Tuesday, September 03, 2013

Moving Beyond Product Innovation

The much anticipated acquisition of Nokia's mobile phone business by Microsoft is a stellar example of the prediction in my recent book, Innovation Zeitgeist, of the importance of moving beyond narrowly defined product innovation to service and solution innovation.

Basically, smartphones are increasingly similar with differentiation becoming harder to achieve. Motorola's well received launch of its MotoX line is demonstrative of this trend. Mid-range hardware features (i.e. it's not worth competing on screen resolution or processor speed any more) with innovation along the user interface dimension.

By acquiring Nokia's business, Microsoft is doing what many companies do in a highly competitive market, using vertical integration to deal with low margins. Owning two layers in the value chain increases the value capture.

By acquiring Nokia, Microsoft also sends an important signal to those contemplating developing apps for the ecosystem. Microsoft is committing in a big way to its future in mobile devices and attempting to stake a claim to being one of the surviving ecosystems.
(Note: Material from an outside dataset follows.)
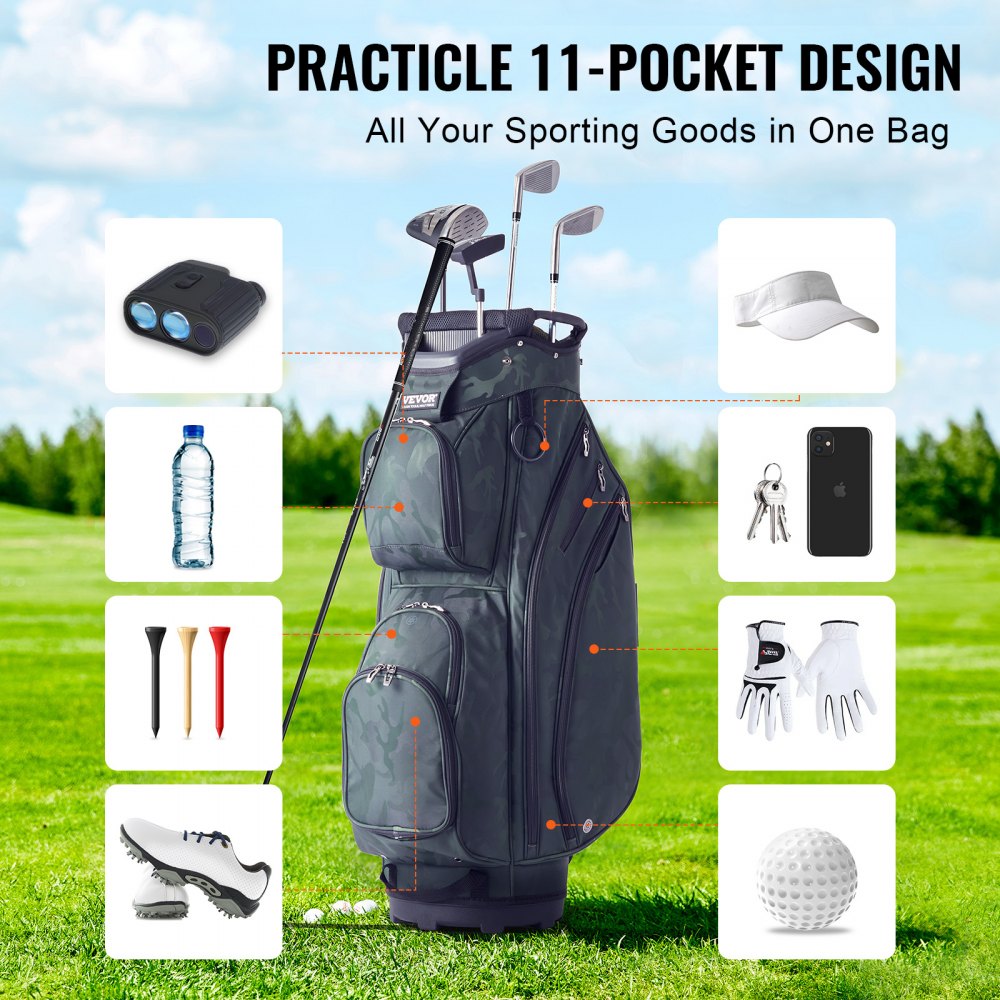 LS-10123 - Lightweight 14-Compartment Golf Bag with Waterproof Design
From a product perspective, Microsoft's mobile operating system was not growing sufficiently quickly to match Android's growing success or Apple's historical success. Redefining what constitutes a product from an operating system to a complete mobile solution, changes the game in the direction of a solution, rather than a horizontal slice that is part of a solution.

Even more importantly, Microsoft's fundamental strategy is not about mobile devices, rather it is about having a portfolio of capabilities that enable both individual and corporate users to use the device of their choice to interact with the data of their choice without necessarily having to actively manage the movement of data and content. This overarching strategy takes advantage of Microsoft's success in the living room with XBox and in corporations with a wide variety of integrated software. Whether you are using a PC or laptop, an ultrabook or hybrid tablet, smartphone or phablet, Microsoft's goal is to enable a seamless experience.

Microsoft is not the only company pursuing this strategy using the Internet and cloud storage/syncing to simplify users life, but it has a huge number of capabilities it can integrate.